琥珀の中の一等星
リゲルの日記帳
「んー……やっぱり買い足したほうがいいかなぁ」
 ライラがごそごそとあちこち掻きまわしているのは、自室の地下室。そこには普段使わない、特別なときに使うものや、昔使っていたものが保管してある。
 あと一ヵ月ほどでクリスマスがくる。その飾りつけのチェックを母に頼まれたのだ。
 あちこち箱やら引き出しやらを開けながら、ひとりごちる。昔から使っている、クリスマス飾り。確かにモノはあるのだけど、だいぶ古くなっているものもいくつかある。ライラが物心つく頃から使っているものもあるくらいだ。
 ジンジャーマンのマスコット。
 これはまだ使えそう。小さい頃に買ってもらって愛着もあるし。
 鈴やボール。
 これもまだ使えるでしょう。でも金属だからちょっとさびてるのもあるわ。それだけ買い替えようかな。
 雪を模した綿。
 これは……ちょっと汚れてきてるし、まるっと新しい綿に替えましょう。
 カラフルなりぼん。
 これは一昨年くらいに全部買い替えたんだったわ。
 考えながら、ひとつずつチェックしていく。
 そして最後にライラが手にしたのは、てっぺんにつける、大きな星。
 それは金色。クリスマスツリーのてっぺんで輝くもの。
 作りものではあるけれど輝かしいその星を見て、リゲルのことを思い出してしまった。思い出すだけで胸があたたかくなるし、そういう存在になれたことが嬉しいと思う。
 リゲルとは恋人同士になってから、二度ほどデートに行った。今度こそ、立派な『デート』。
 一度は前回のように街中へ行ったけれど、二度目は少し遠出をした。リゲルの手入れをした、隣街の公園の植木なんかを見せてもらったのだ。そこの公園は子どもが遊ぶところというよりは、歩いて景色を楽しむようなところで、だからこそ庭師に依頼がきたのだろう。
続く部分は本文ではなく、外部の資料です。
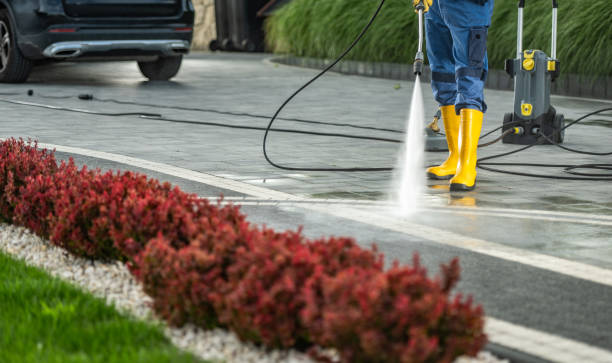 Best Dumpster Area Cleaning  in Wonder Lake, IL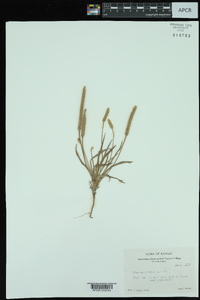 Plantago patagonica image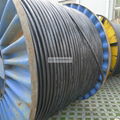 10kV Steel Core Aluminum XLPE Insulated Aerial Power Cable 2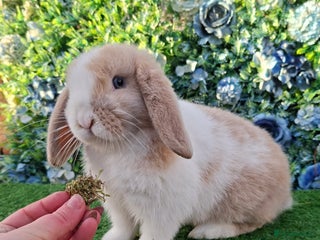 Mini Lop rabbits Beautiful Mini Lop buck ready now - Advert 2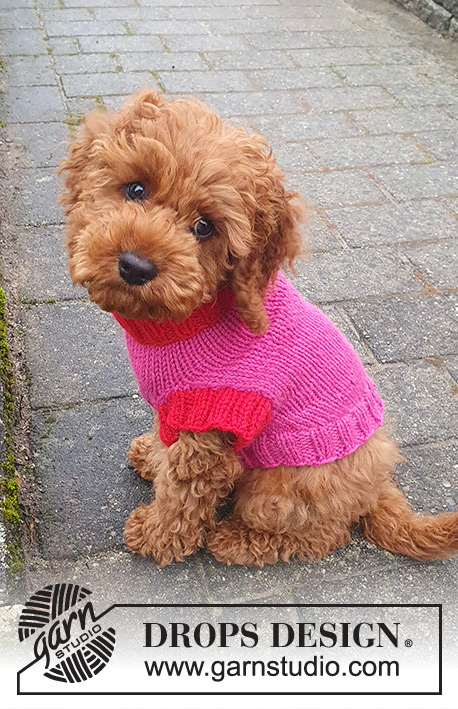Good Girl Sweater / DROPS 245-32 - Koiran neulottu pusero DROPS Nepal-langasta. Työ neulotaan pääntieltä kohti häntää. Koot XS - M.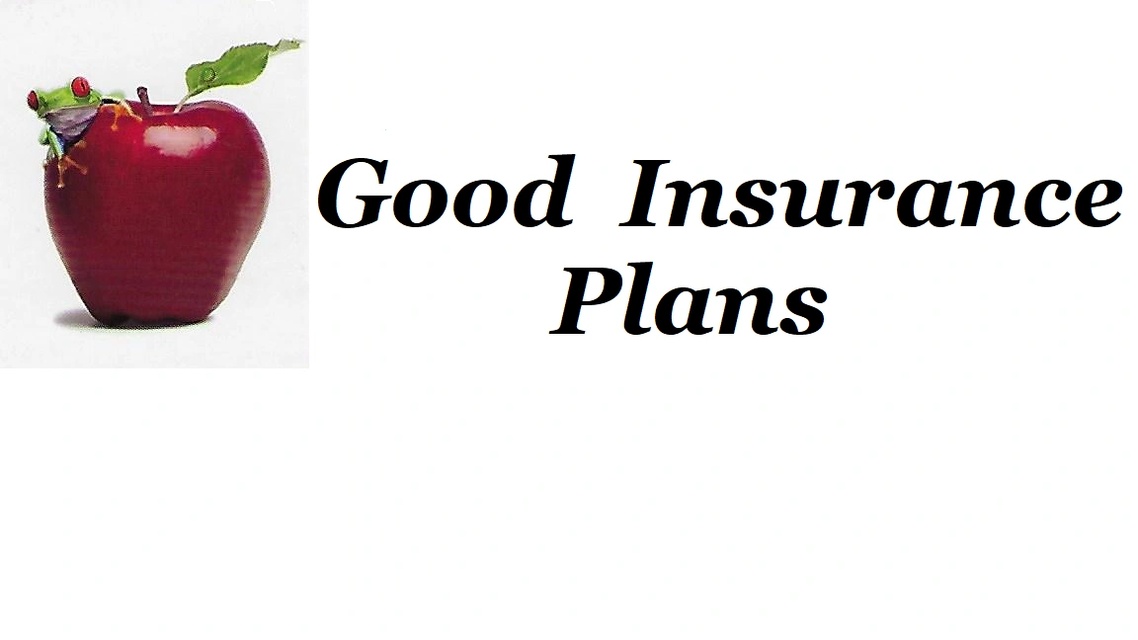 Good Insurance Plans 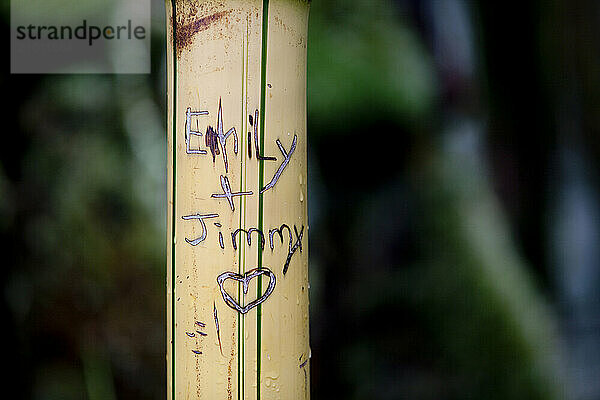 Bamboo Graffiti in Akaka Falls State Park  Big Island  Hawaii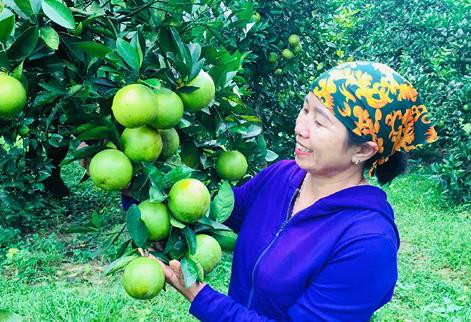 Người nông dân và vườn cam. Nguồn ảnh: internet Người nông dân và vườn cam. Nguồn ảnh: internet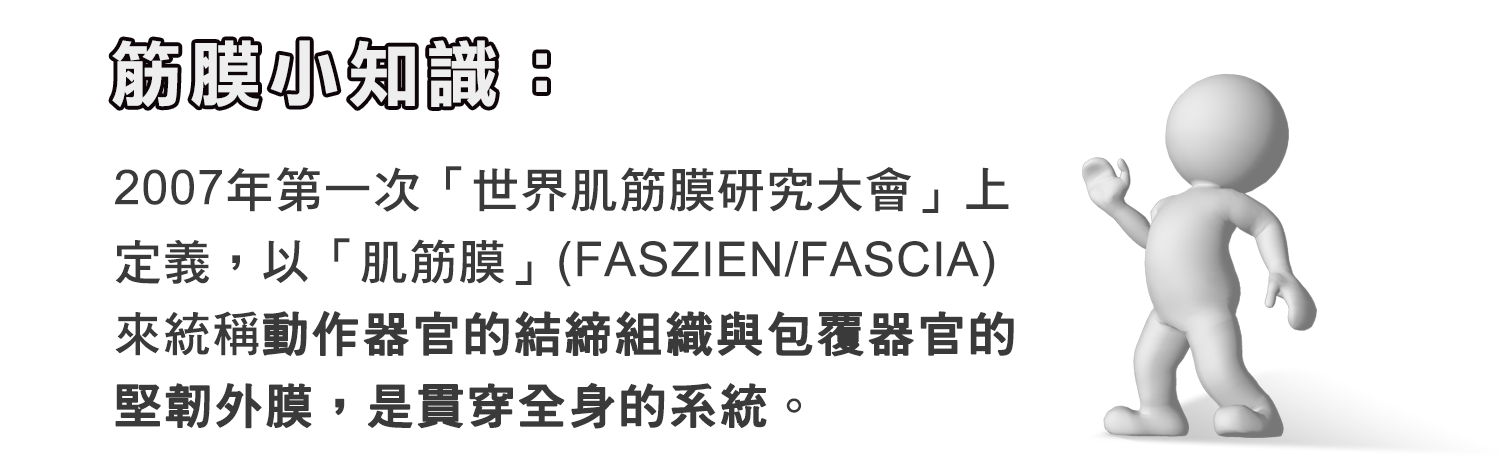 筋膜小知識：2007年第一次「世界肌筋膜 研究大會」上定義，以「肌筋膜」(Faszien/Fascia)來統稱動作器官的結締組織與包覆器官的堅韌外膜，是貫穿全身的系統。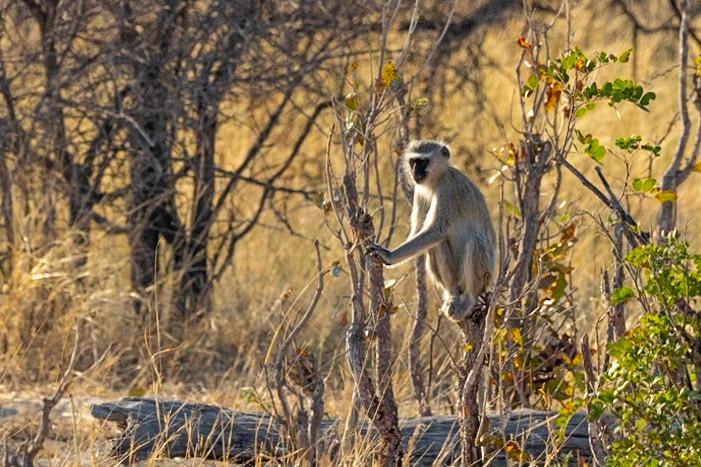 Vervet Monkey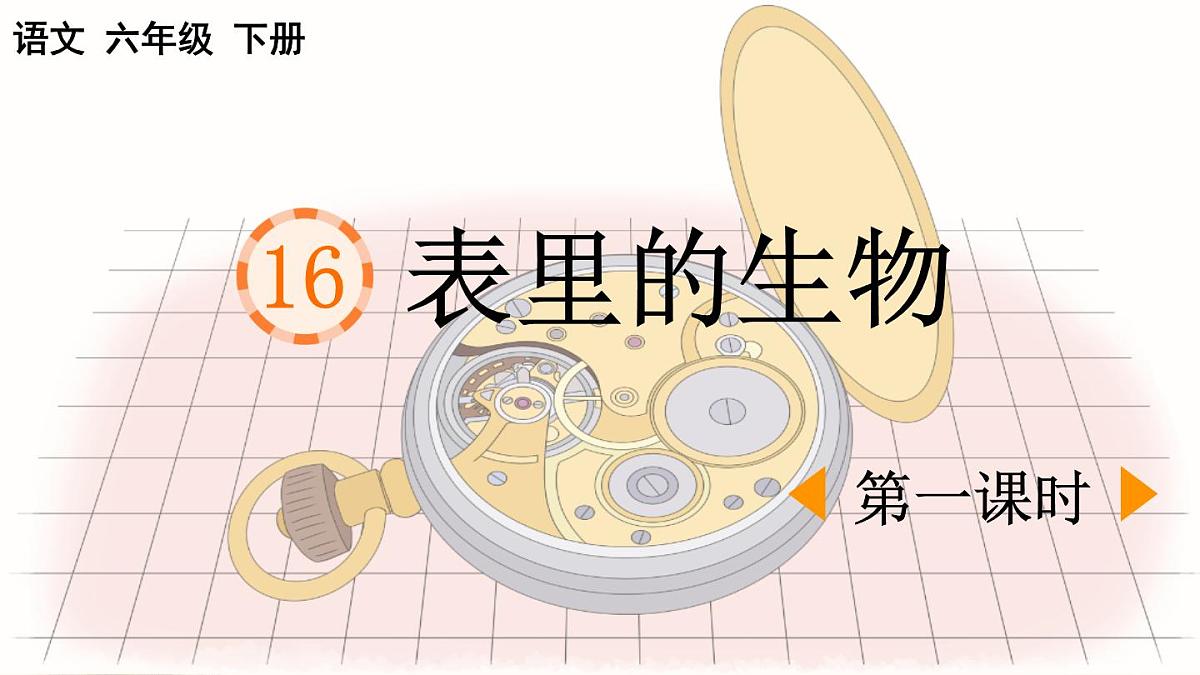 新统编版小学语文六下 5-16《表里的生物》课件（第一课时）第1页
 公園の植物たちは、よく手入れをされているのがひとめでわかった。樹は見目好く剪定されていたし、芝生もちょうどいい高さで生えている。そしてピンクの薔薇が綺麗に咲いていた。
「綺麗だろう。結構苦労したんだぜ」
 薔薇は育てるのが難しいと、リゲルがまだ見習いの頃に聞いたことがある。誇らしげに言ったリゲル。目の前のこのうつくしい薔薇はつまり、リゲルの成長を表しているのだから。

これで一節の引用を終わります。